Pappas and Rapoport have recently conjectured the existence of canonical integral models for Shimura varieties with parahoric level structure, which are characterized using Scholze's theory of p-adic shtukas. We will illustrate the conjecture using the example of Shimura varieties defined by tori, where (surprisingly) the theory is already nontrivial. Along the way we will explain a connection with the Bhatt-Scholze theory of prismatic F-crystals.

• Speaker: Preston Wake, MSU
• Title: Rational torsion in modular Jacobians
• Date: 10/17/2022
• Time: 3:00 PM - 4:00 PM
• Place: C304 Wells Hall
• Contact: Preston Wake (wakepres@msu.edu)

I will talk about Ogg's conjecture and its generalization. This is joint work with Ken Ribet (and should serve as an introduction to Ken's talk on Friday).

• Speaker: Nathan Chen, Columbia University
• Title: On the irrationality of some algebraic varieties and their subvarieties
• Date: 10/24/2022
• Time: 3:00 PM - 4:00 PM
• Place: C304 Wells Hall
• Contact: Laure Flapan (flapanla@msu.edu)

The classical question of determining which varieties are rational has led to a huge amount of interest and activity.
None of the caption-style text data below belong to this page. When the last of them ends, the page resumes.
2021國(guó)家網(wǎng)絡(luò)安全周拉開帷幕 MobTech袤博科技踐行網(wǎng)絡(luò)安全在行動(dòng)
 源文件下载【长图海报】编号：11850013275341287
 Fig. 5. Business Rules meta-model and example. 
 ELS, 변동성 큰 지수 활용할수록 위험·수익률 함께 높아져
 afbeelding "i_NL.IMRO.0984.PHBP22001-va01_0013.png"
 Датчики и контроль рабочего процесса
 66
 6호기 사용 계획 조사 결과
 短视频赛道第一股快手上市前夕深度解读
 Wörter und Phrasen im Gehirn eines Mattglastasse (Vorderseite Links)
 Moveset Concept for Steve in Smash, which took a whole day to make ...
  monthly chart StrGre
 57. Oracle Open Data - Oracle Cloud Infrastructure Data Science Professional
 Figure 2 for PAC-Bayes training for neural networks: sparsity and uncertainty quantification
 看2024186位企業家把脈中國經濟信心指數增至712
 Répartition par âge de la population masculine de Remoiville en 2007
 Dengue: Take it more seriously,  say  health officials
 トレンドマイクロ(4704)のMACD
On the other hand, one can take on a complementary perspective - given a smooth projective variety whose nonrationality is known, how far is it from being rational? I will survey what is currently known, with an emphasis on hypersurfaces and complete intersections.

• Speaker: Qingjing Chen, University of California Santa Barbara
• Title: Kuznetsov components of some Fano fourfolds
• Date: 11/07/2022
• Time: 3:00 PM - 4:00 PM
• Place: C304 Wells Hall
• Contact: Laure Flapan (flapanla@msu.edu)

Kuznetsov component A_X of an algebraic variety X is defined to be the right orthogonal of some exceptional collection in the bounded derived category of X. When X is a cubic fourfold or Gushel Mukai fourfold, A_X is a noncommutative K3 surface in the sense that its Serre functor is given by "shifting by 2". Whether or not A_X is equivalent to the bounded derived category of an actual K3 surface is believed to be related to the rationality of the variety X , therefore it has received extensive studies. Yet not many studies seem to answer the question of when the Kuznetsov component of a cubic fourfold is equivalent to that of a Gushel Mukai fourfold, we believe that the answer of this question should be interesting for it will give a part of "Torelli theorem for noncommutative K3 surfaces". In this talk, I will present some partial results which address the previous question.

• Speaker: Zijian Yao, University of Chicago
• Title: The eigencurve over the boundary of the weight space
• Date: 11/28/2022
• Time: 3:00 PM - 4:00 PM
• Place: C304 Wells Hall
• Contact: Preston Wake (wakepres@msu.edu)

The eigencurve is a rigid analytic curve that $p$-adically interpolates eigenforms of finite slope. The global geometry of the eigencurve is somewhat mysterious. However, over the boundary, it is predicted to behave rather nicely (by the so-called Halo conjecture). This conjecture has been studied by Liu--Wan--Xiao for definite quaternion algebras. In this talk, we will report on some work in progress on this conjecture in the case of $\rm{GL}(2)$. If time permits, we will discuss some generalizations towards groups beyond $\rm{GL}(2)$. This is partially joint with H. Diao.